Maddalena Crippa

DEVE TRATTARSI DI AUTENTICO AMORE PER LA VITA dai diari di Etty Hillesum

 
drammaturgia di Giulia Calligaro
 
Letture con musiche per arpa celtica  e armonica a bocca 
composte e suonate in presenza da Gianmario Conti 
 
Produzione Teatro Pubblico Ligure / Sergio Maifredi

Nei diari e nelle lettere, tradotti in Italia per Adelphi, testimonia una capacità di introspezione e di osservazione della realtà fuori del Comune: si rivolge a noi con parole di verità, indicando un cammino coraggioso volto a superare le difficoltà più aspre dell’esistenza. 
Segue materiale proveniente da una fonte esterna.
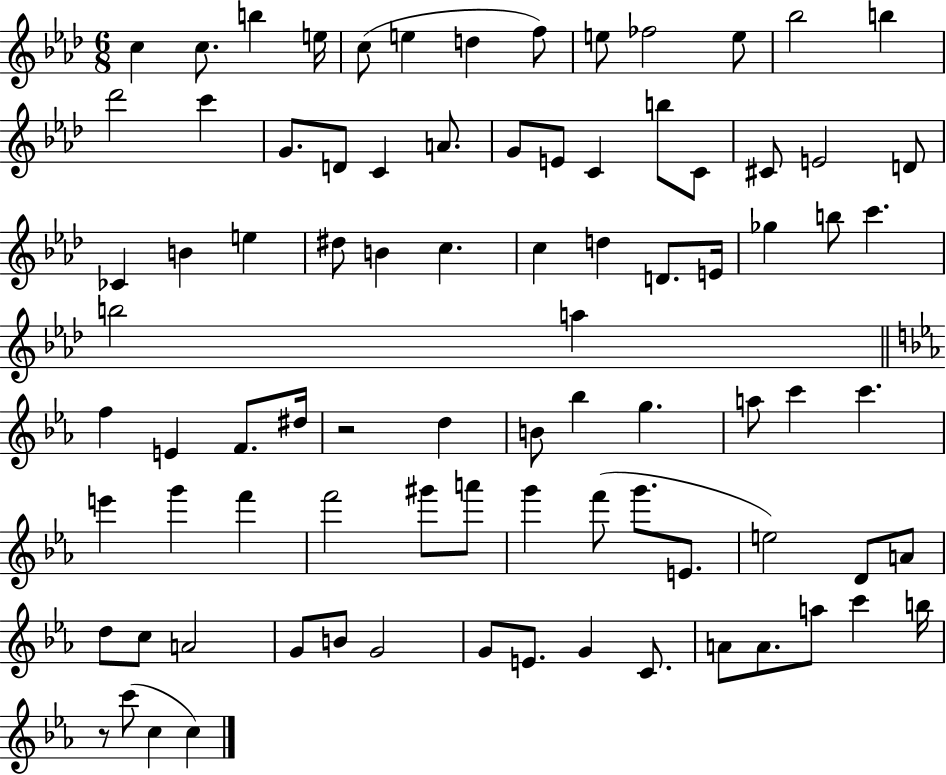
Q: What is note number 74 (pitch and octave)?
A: E4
La sua sorprendente maturità e saggezza irradiano una intensa forza morale ispirata ai valori della solidarietà, dei diritti umani e della reciproca comprensione. La giovane ebrea olandese ingaggia una sfida alla morte senza ricorrere a ricette miracolistiche o palliative, in nome di un indistruttibile e gioioso amore per la vita.  Racconta di sé e delle vicende del suo tempo da mirabile cronista di un’anima incostante evoluzione, eroica terapeuta del dolore capace di generare attorno a sé fiducia e fede in un riscatto definitivo dal male.

 

Esther Hillesum, detta Etty (Middelburg15 gennaio 1914 – Auschwitz30 novembre 1943), è stata una scrittrice olandese ebrea vittima dell'Olocausto.